Robinson Valentine
- Company type: Fashion Design
- Founders: Antonia Robinson Anna Valentine

= Robinson Valentine =

British luxury fashion house

Robinson Valentine, was a British luxury fashion house launched in 1986. It was founded by designer duo Antonia Robinson and Anna Valentine. In 2005 Valentine became the sole name on the label, now known as Anna Valentine.
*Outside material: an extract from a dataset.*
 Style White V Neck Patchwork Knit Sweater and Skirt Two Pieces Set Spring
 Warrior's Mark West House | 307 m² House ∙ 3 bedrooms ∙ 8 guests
The pair began working under the name "Robinson Valentine." Robinson and Valentine met at a college in Hammersmith while taking a pattern-cutting course. After completing the course, they approached the Enterprise Allowance Scheme which helped them open a small shop in Wandsworth. After becoming successful, they opened a much larger shop in Kensington.

==Notable clients==
Robinson Valentine designed clothes for celebrities, socialites, the aristocracy and the British royal family. The label notably designed the wedding dress of Camilla Parker Bowles, which she wore at her wedding to the Prince of Wales (Later King Charles III) in 2005. Other clients have included Serena Armstrong-Jones, Viscountess Linley, Patti Palmer-Tomkinson, Lady Sarah Chatto, Laura Lopes, Jemima Khan, Saffron Aldridge and
Sheherazade Goldsmith.

==In the media==
In 2005, Robinson Valentine received widespread and instant publicity when it was announced the label would be designing the wedding dress of Camilla Parker Bowles. They were interviewed by The Daily Telegraph, Hello! magazine and numerous media outlets. Robinson Valentine was praised by fashion critics for Camilla's choice of dress and design. Camilla continues to wear outfits by the label to high-profile events which is often highlighted in the media.

==Robinson's departure==
Antonia Robinson, who now uses her married name, Antonia Shields, departed from the label and moved to Cornwall where she set up antoniaspearls.co.uk.